■ Task goal: From the data that follows, report how many lines hold the string "Flat", giving only the number.

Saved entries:
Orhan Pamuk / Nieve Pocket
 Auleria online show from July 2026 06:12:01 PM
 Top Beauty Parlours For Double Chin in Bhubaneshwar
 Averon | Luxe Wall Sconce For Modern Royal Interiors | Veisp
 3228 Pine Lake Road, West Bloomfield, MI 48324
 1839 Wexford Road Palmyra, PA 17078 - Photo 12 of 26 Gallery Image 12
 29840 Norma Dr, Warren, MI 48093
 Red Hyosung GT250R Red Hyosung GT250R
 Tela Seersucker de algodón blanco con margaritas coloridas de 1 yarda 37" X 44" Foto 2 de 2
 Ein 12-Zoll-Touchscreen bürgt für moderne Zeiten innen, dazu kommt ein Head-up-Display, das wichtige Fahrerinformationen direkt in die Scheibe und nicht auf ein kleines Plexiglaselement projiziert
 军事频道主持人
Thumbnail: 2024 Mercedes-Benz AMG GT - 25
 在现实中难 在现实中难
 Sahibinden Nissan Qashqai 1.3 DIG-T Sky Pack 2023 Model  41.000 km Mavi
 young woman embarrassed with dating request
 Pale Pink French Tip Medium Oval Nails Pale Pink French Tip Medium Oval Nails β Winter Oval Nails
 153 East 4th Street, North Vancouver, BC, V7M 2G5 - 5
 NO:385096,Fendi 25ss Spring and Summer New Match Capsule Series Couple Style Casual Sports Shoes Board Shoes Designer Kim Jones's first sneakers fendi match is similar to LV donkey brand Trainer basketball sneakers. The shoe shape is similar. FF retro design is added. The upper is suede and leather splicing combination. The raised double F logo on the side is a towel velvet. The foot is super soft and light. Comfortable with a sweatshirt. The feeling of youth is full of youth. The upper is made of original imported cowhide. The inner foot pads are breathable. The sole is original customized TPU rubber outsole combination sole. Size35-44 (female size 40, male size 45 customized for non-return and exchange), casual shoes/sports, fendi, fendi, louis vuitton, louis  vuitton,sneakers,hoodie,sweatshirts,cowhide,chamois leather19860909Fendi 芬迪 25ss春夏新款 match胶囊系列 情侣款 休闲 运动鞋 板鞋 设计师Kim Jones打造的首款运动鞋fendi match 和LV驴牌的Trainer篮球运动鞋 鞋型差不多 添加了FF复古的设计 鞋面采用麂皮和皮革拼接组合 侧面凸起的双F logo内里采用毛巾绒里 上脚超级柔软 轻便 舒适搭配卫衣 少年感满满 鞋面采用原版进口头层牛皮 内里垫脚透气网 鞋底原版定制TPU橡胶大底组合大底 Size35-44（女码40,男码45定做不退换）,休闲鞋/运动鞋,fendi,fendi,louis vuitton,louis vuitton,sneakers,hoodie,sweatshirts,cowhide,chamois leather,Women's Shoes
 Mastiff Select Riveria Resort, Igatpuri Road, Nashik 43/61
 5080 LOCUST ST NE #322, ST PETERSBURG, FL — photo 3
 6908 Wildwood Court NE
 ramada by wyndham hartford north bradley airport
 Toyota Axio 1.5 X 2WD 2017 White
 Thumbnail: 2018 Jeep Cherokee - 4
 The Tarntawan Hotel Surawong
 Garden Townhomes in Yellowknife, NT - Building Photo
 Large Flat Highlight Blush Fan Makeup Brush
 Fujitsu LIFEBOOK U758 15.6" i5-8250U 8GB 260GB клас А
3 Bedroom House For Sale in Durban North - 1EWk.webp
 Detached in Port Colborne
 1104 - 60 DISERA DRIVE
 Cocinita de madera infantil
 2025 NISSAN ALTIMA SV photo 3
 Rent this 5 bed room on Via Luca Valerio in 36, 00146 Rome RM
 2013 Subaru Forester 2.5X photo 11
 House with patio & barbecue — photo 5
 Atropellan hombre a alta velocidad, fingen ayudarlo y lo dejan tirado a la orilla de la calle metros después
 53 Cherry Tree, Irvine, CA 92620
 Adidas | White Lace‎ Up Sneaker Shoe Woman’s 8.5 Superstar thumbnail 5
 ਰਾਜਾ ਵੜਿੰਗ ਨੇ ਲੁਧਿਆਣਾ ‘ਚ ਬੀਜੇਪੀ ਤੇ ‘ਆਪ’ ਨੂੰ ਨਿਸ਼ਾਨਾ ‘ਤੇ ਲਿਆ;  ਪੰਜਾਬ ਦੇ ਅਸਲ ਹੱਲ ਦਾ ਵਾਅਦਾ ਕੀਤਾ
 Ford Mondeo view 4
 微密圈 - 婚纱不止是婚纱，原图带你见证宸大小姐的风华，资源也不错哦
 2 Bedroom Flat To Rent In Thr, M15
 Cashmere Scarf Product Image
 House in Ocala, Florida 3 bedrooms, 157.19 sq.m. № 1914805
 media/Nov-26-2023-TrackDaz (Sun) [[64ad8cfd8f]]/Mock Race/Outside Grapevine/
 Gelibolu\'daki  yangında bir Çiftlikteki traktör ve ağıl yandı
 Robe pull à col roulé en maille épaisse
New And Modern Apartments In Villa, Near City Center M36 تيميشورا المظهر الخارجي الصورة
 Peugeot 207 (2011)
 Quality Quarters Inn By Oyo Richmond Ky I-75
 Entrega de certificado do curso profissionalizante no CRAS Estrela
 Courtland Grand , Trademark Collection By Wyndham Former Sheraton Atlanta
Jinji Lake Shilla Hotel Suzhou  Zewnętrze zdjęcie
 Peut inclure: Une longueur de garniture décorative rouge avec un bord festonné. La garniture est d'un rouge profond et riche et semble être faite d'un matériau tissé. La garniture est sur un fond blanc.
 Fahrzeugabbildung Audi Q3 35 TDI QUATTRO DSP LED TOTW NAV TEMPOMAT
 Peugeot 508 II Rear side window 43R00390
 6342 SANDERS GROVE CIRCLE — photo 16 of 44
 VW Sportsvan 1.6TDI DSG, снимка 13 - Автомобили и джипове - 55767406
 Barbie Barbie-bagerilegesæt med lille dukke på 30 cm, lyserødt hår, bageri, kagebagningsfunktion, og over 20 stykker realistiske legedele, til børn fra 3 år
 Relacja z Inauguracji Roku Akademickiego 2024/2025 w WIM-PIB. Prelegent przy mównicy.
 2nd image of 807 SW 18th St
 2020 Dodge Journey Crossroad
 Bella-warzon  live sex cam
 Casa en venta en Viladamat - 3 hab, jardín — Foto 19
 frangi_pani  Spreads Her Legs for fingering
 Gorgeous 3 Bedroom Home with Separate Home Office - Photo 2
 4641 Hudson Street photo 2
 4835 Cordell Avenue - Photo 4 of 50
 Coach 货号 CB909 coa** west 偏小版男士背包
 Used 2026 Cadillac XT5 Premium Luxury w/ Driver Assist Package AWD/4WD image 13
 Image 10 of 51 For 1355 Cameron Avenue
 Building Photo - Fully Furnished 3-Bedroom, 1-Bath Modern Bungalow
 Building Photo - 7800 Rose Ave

■ Task output: 2